§ TASK BRIEF
Reproduce exactly only the lines from the line that holds "Toyota Corolla 00-06" to the line that holds "YITUYU艺图语 2024.04.11 走，去后花园玩耍了 橙子舒插图1", inclusive, in the listing below, and please leave out every picture.

-- SOURCE MATERIAL follows --

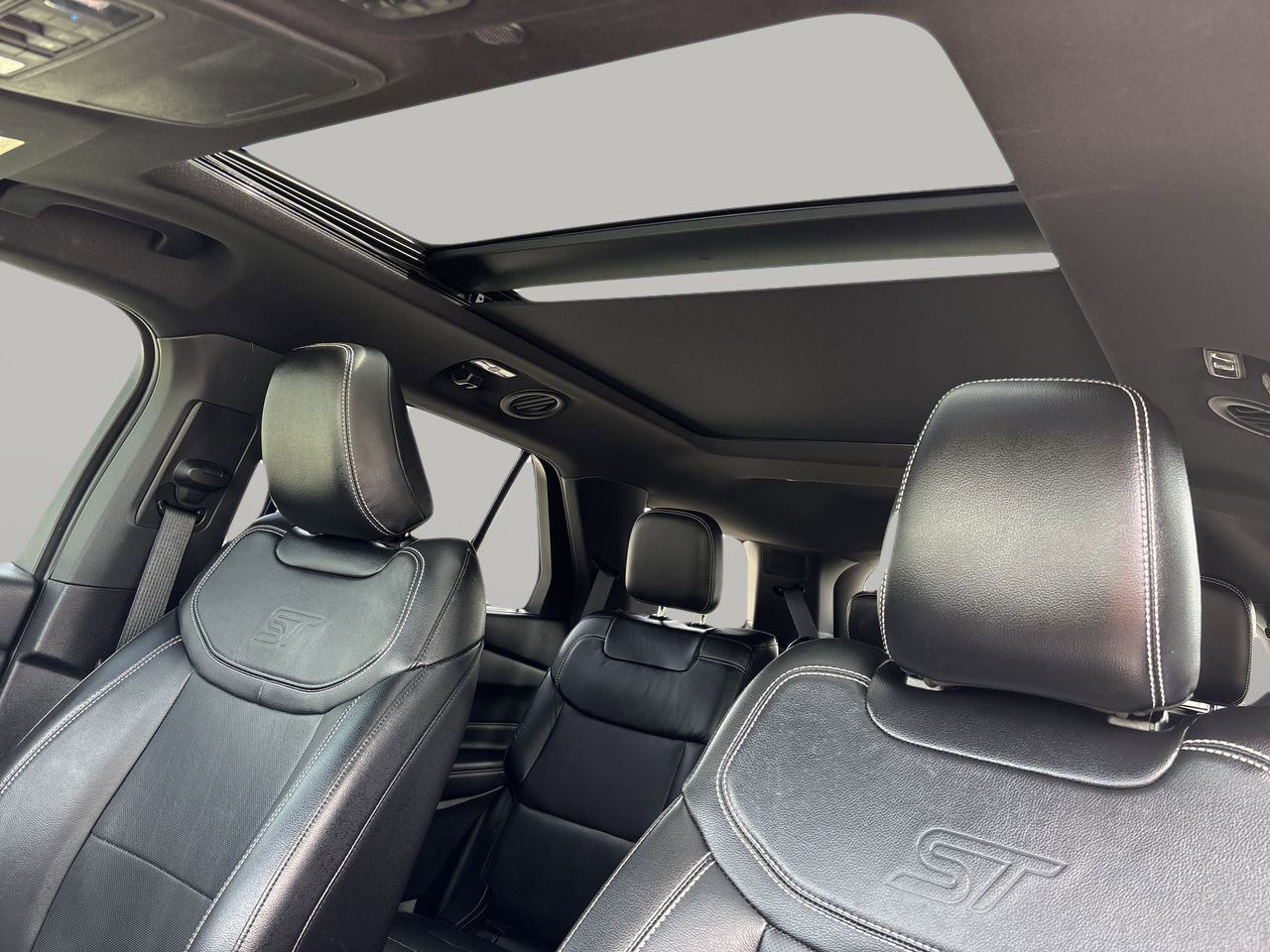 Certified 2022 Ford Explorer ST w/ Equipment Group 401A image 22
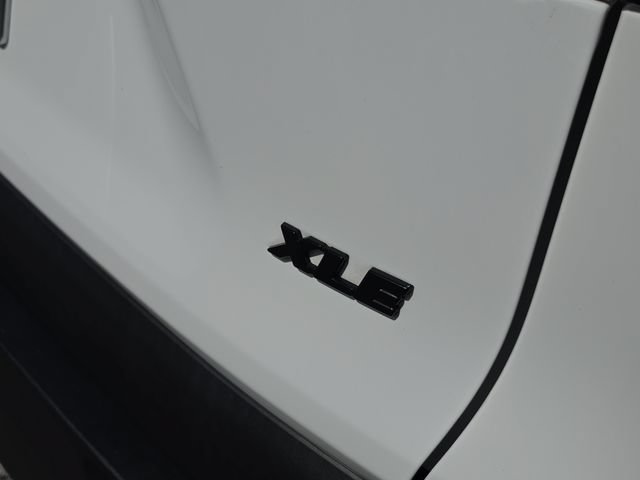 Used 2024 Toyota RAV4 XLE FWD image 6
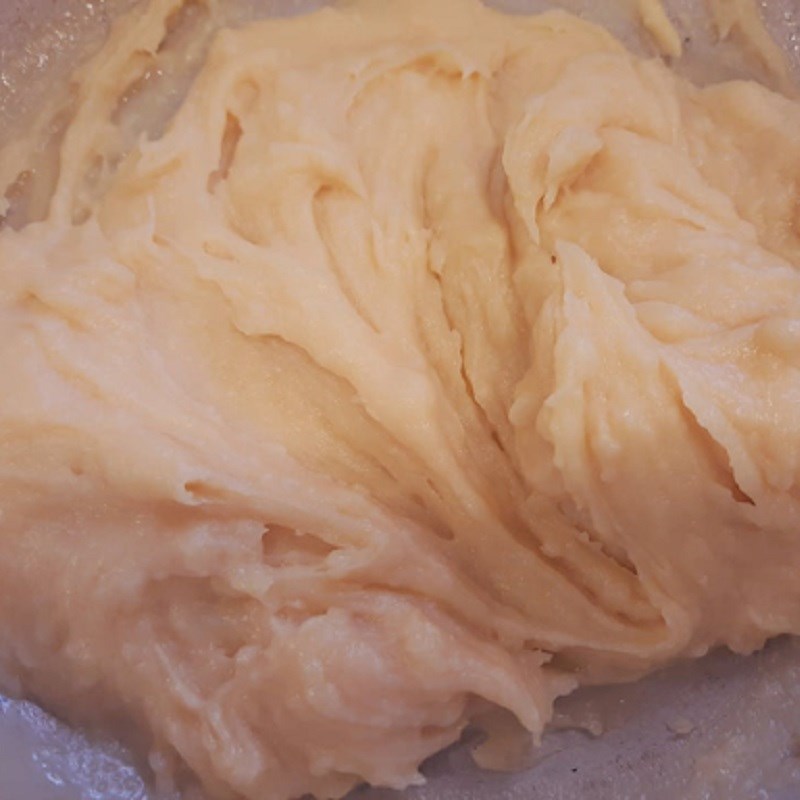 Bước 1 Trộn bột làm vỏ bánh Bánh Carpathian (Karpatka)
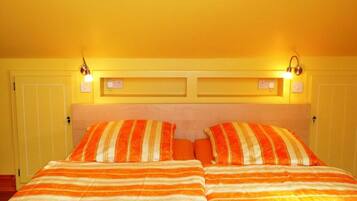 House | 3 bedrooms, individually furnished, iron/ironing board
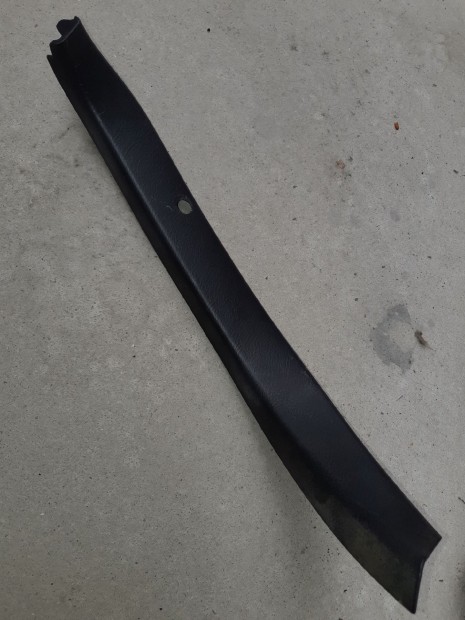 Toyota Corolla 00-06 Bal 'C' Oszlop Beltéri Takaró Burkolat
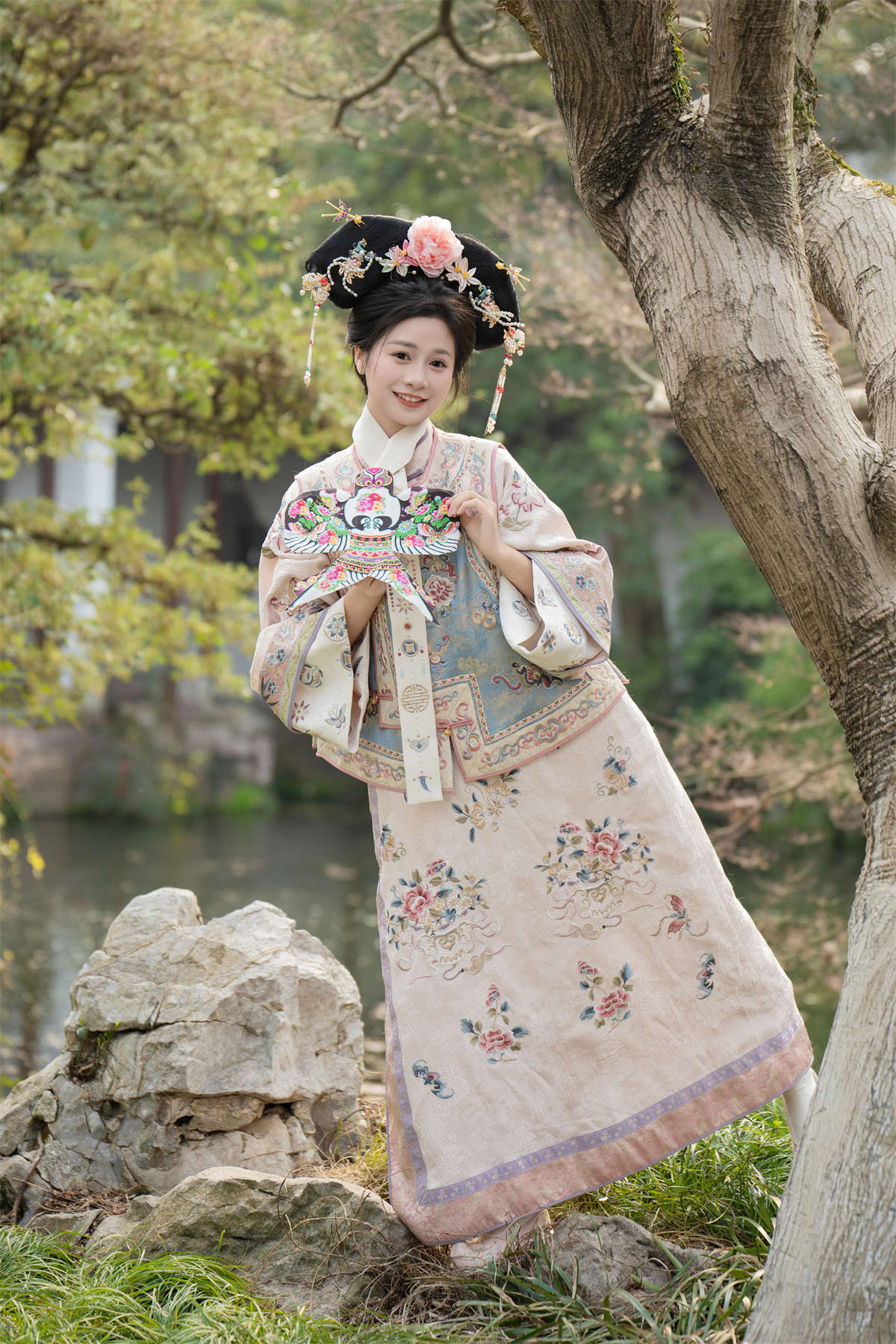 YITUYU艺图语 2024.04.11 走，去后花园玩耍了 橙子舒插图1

-- SOURCE MATERIAL concluded --
-- SOURCE MATERIAL follows --

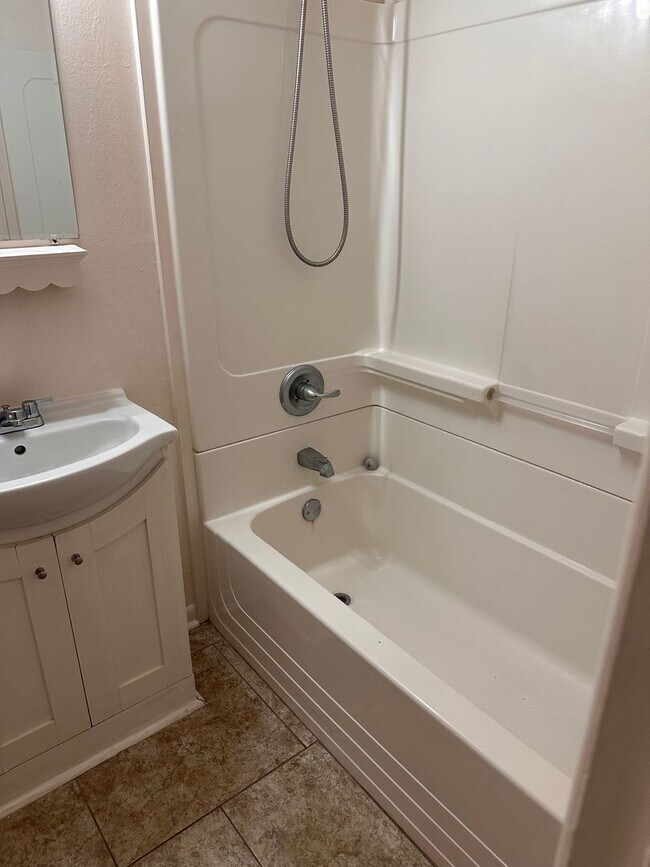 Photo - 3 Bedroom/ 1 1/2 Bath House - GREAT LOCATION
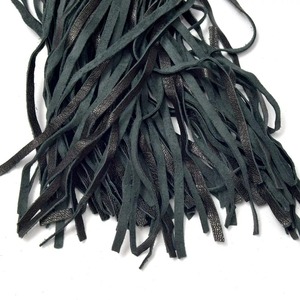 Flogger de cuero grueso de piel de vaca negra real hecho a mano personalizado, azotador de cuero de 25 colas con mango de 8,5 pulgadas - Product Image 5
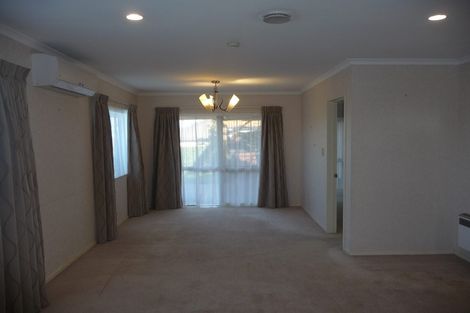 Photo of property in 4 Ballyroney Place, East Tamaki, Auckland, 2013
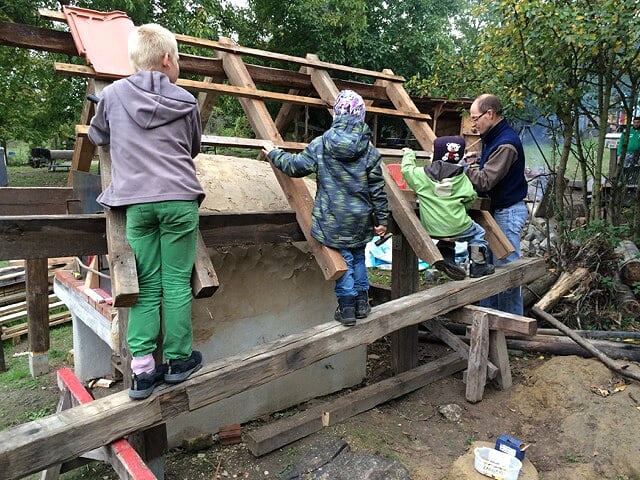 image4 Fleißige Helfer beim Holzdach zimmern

-- SOURCE MATERIAL concluded --

§ ANSWER SECTION
 Toyota Corolla 00-06 Bal 'C' Oszlop Beltéri Takaró Burkolat
 YITUYU艺图语 2024.04.11 走，去后花园玩耍了 橙子舒插图1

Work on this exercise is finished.